== Exercise brief ==
Your output should be the lines from the one containing "Världens bästa fotbollsspelare" through the last line below, both ends included, exactly as written and free of pictures.

== Data provided ==

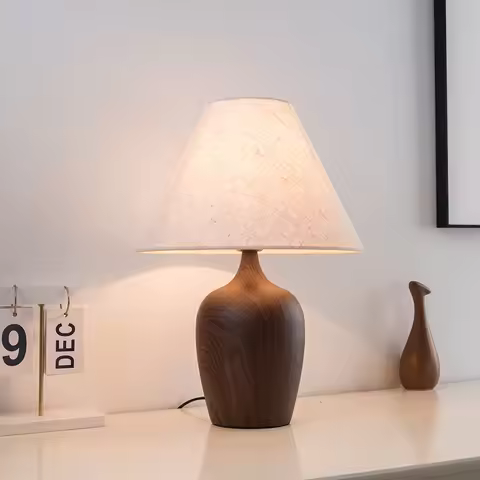 Creativity French Desk Lamp Artistic Bedroom Bedside Lamps Antique Floral Cloth Lamp Sofa Japanese E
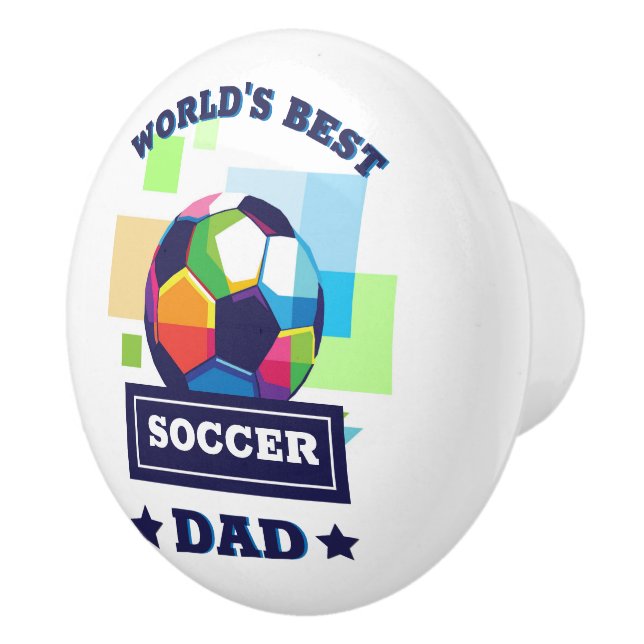 Världens bästa fotbollsspelare Pappa Fars dag Knopp (Höger)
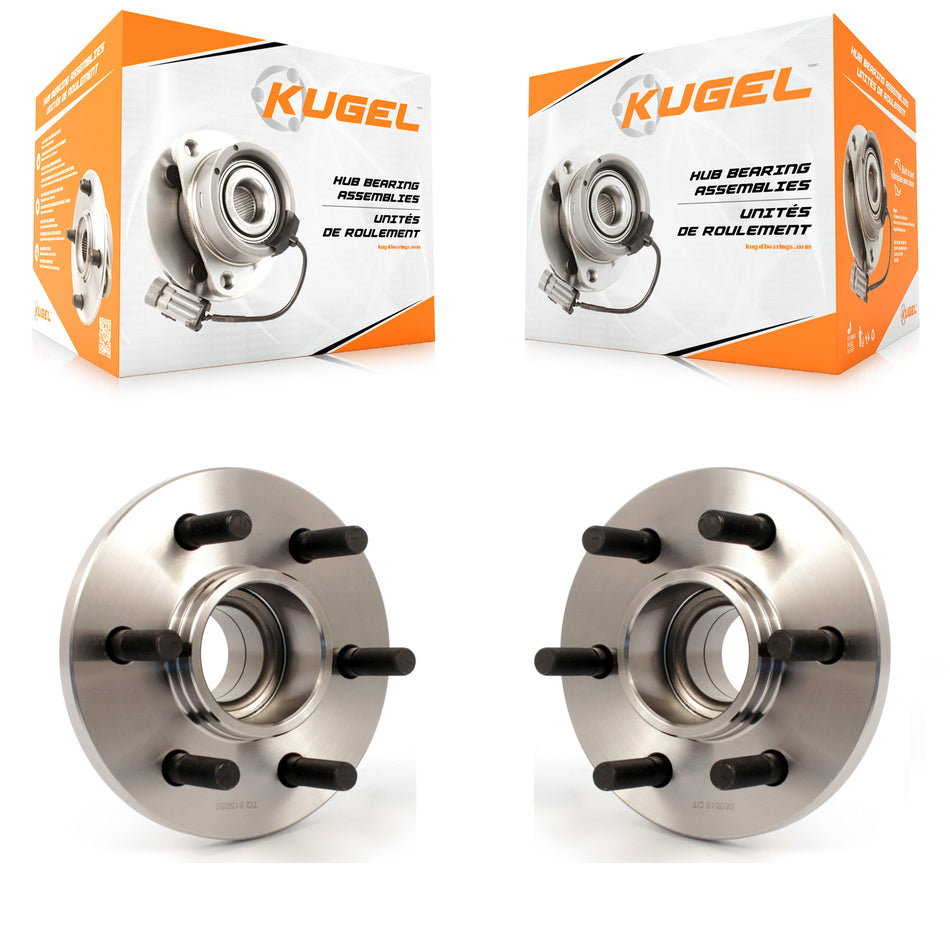 Front Wheel Bearing And Hub Assembly Pair For Dodge Dakota Durango RWD with 2-Wheel ABS K70-100388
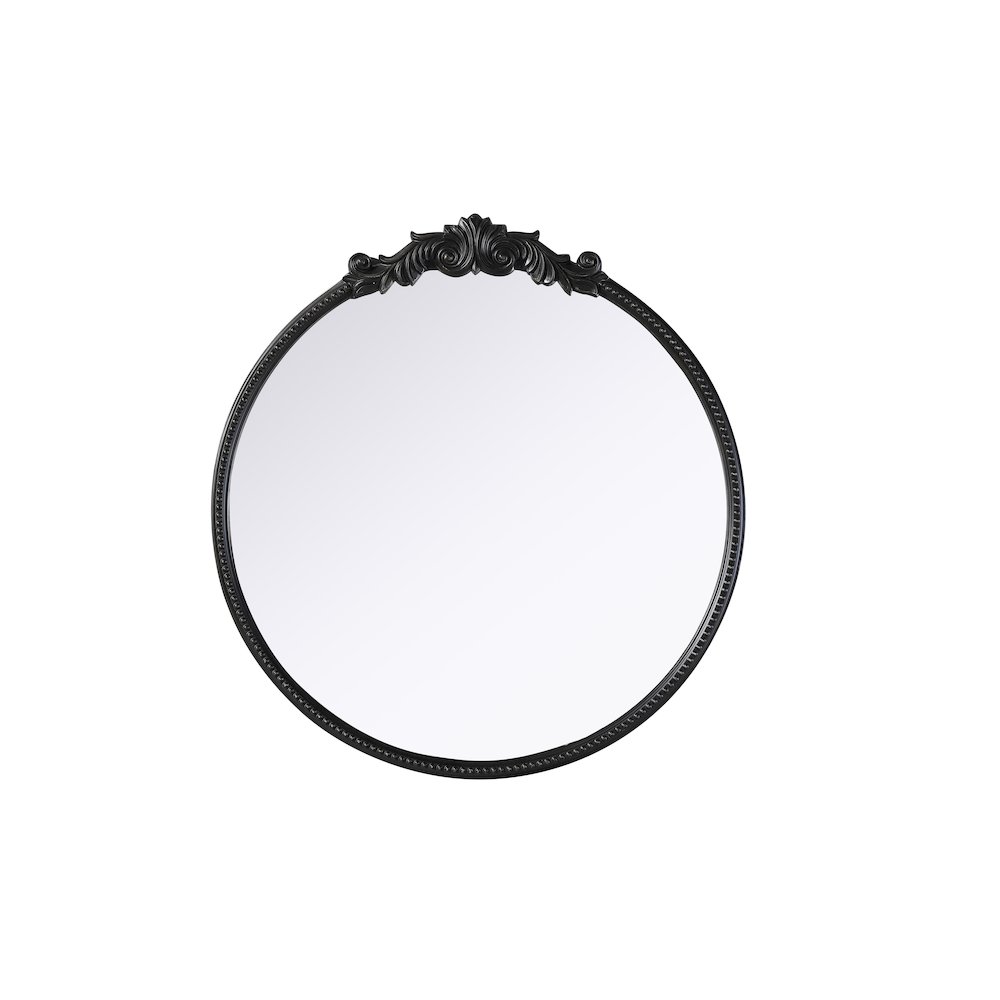 Naomi Vintage Resin Mirror 42x45 in Vintage Bronze. Picture 1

== Solution to this problem ==
 Världens bästa fotbollsspelare Pappa Fars dag Knopp (Höger)
 Front Wheel Bearing And Hub Assembly Pair For Dodge Dakota Durango RWD with 2-Wheel ABS K70-100388
 Naomi Vintage Resin Mirror 42x45 in Vintage Bronze. Picture 1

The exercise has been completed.